*** Opening of Extracted information ***

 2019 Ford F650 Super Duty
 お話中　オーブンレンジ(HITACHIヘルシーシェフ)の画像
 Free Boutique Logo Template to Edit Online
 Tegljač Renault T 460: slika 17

*** Close of Extracted information ***
*** Opening of Extracted information ***

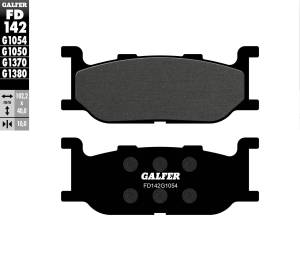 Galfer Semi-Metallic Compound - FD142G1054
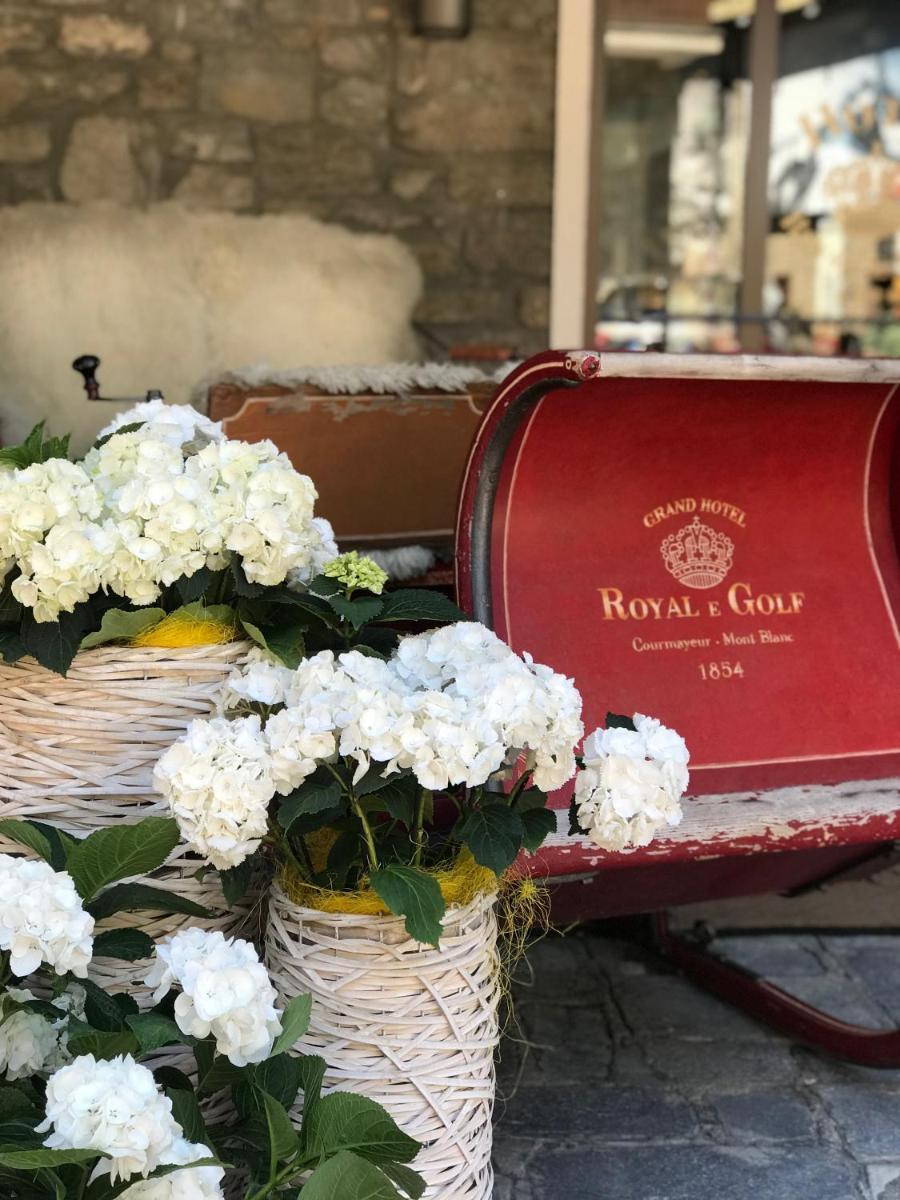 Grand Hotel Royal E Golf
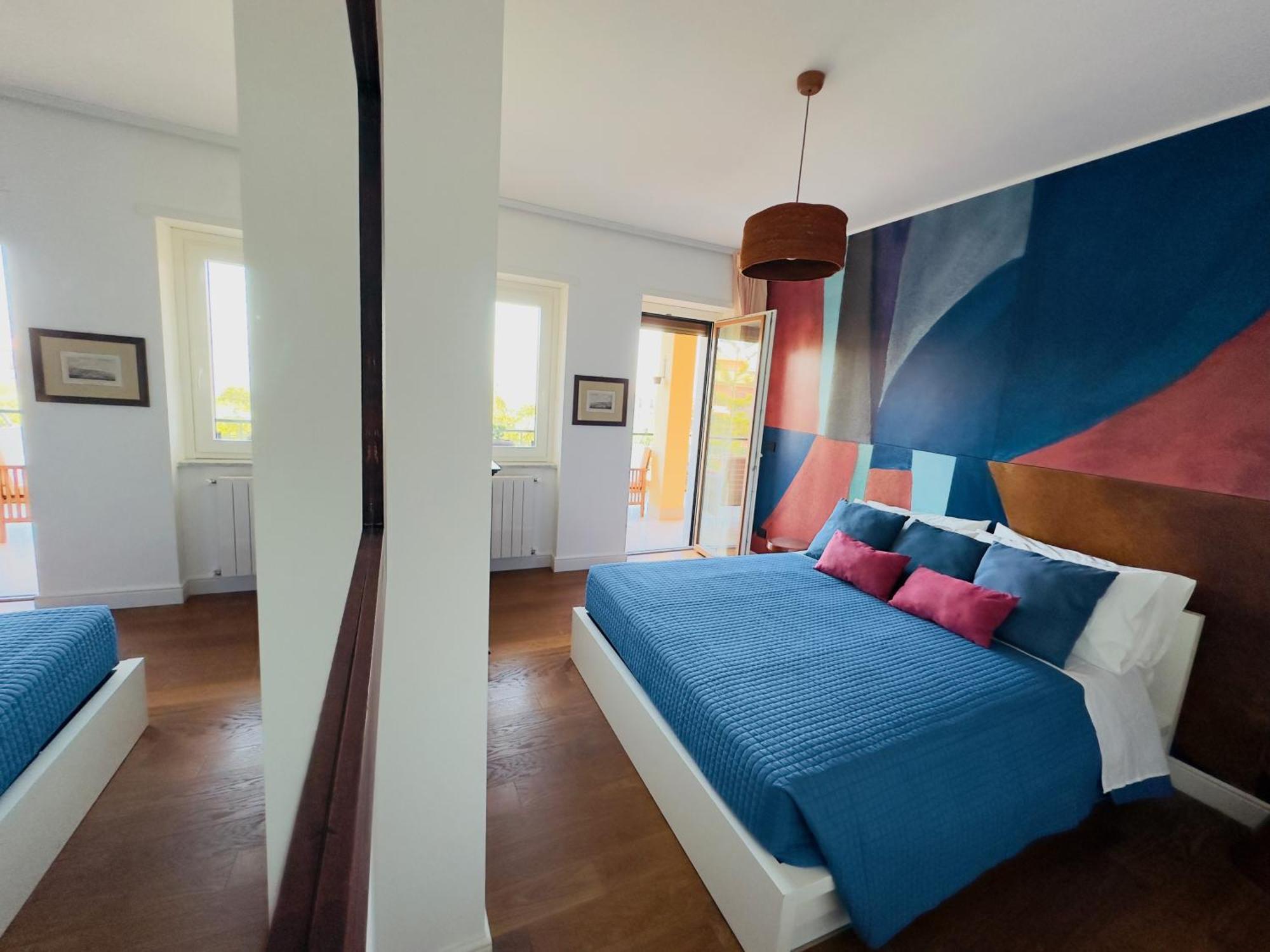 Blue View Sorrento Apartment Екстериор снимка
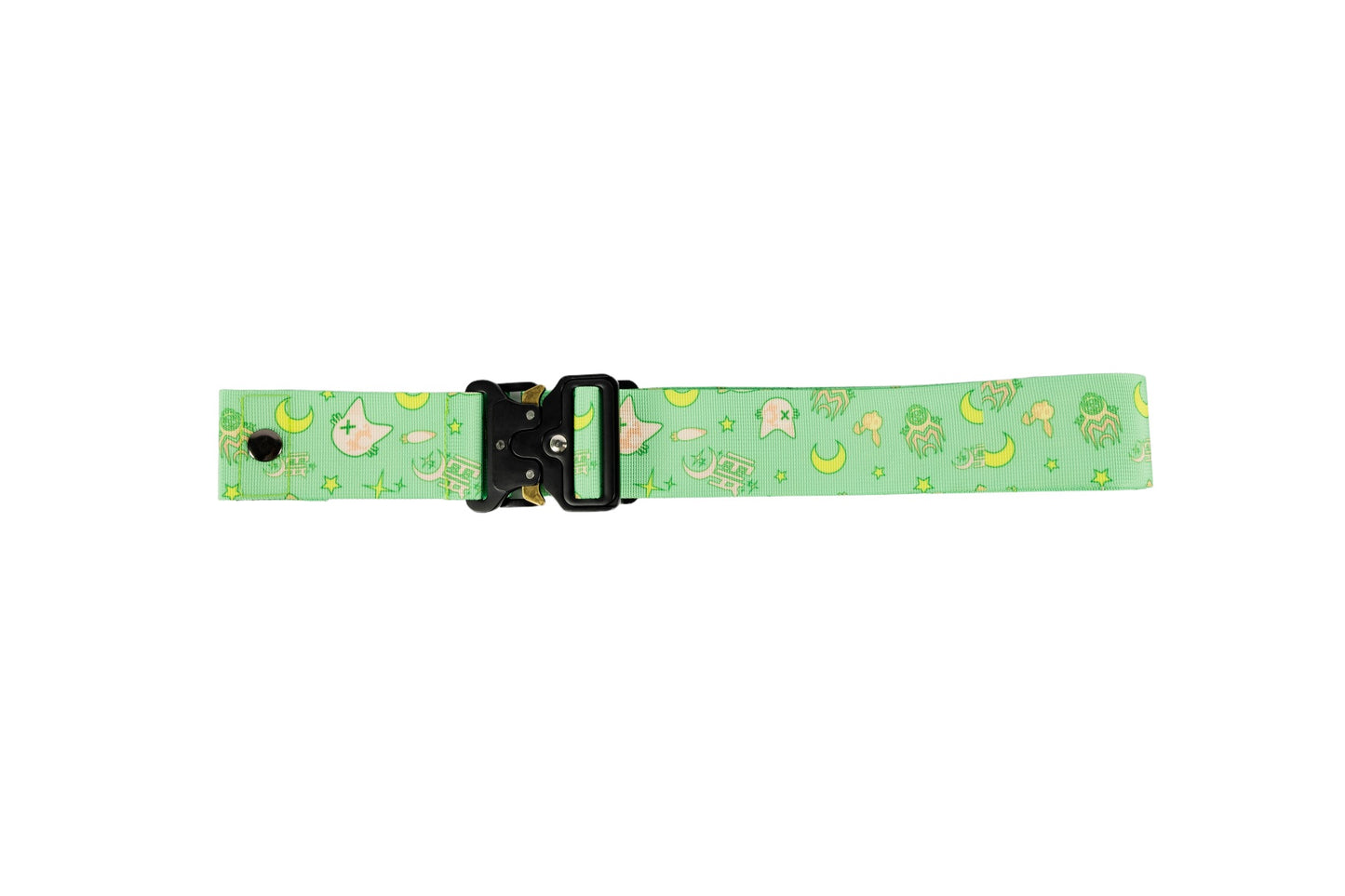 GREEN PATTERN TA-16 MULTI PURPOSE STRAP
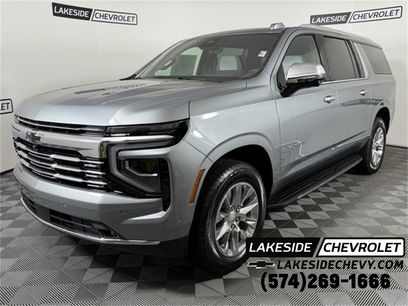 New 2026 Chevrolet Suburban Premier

*** Close of Extracted information ***
*** Opening of Extracted information ***

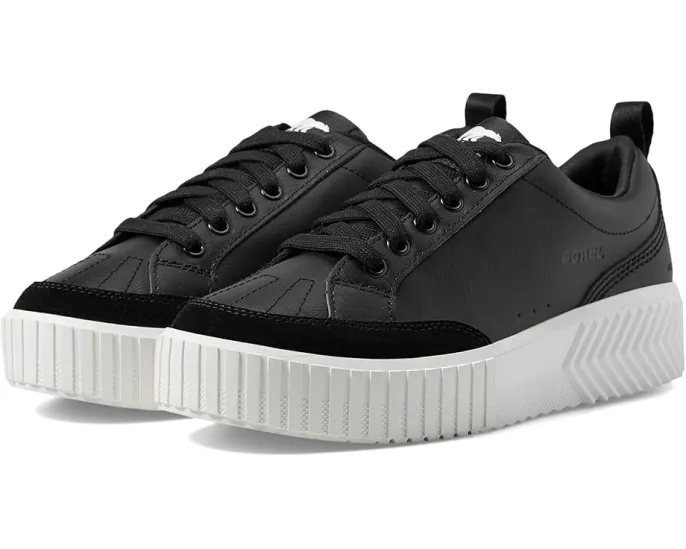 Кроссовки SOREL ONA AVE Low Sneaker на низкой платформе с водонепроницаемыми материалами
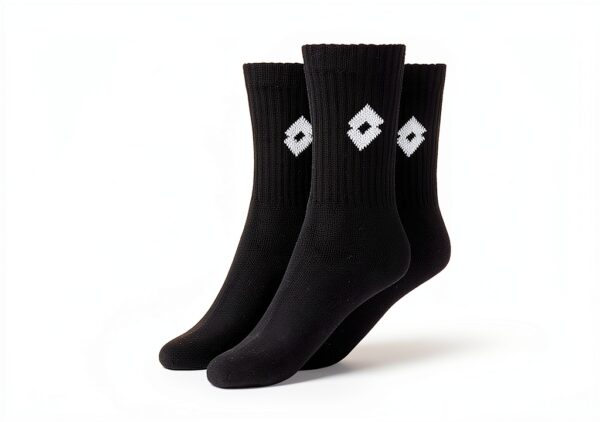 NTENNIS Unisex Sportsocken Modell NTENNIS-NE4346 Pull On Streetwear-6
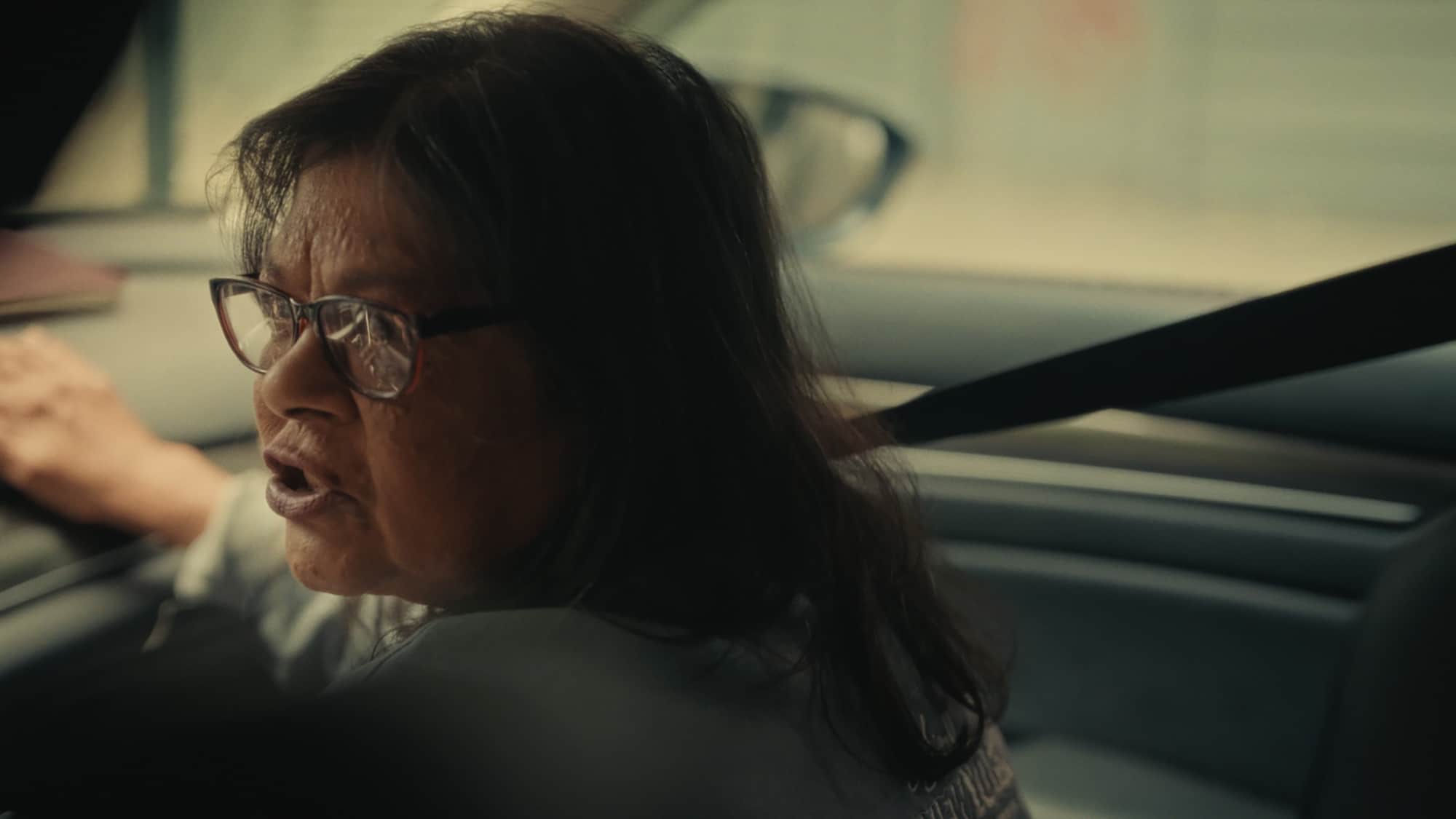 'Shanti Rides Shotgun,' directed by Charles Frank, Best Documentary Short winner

*** Close of Extracted information ***

Assigned task → Within the listing above, extract exactly the lines from the line with "2019 Ford F650 Super Duty" to the line with "Tegljač Renault T 460: slika 17", the two named lines included, and no others.

Answer to this exercise →
 2019 Ford F650 Super Duty
 お話中　オーブンレンジ(HITACHIヘルシーシェフ)の画像
 Free Boutique Logo Template to Edit Online
 Tegljač Renault T 460: slika 17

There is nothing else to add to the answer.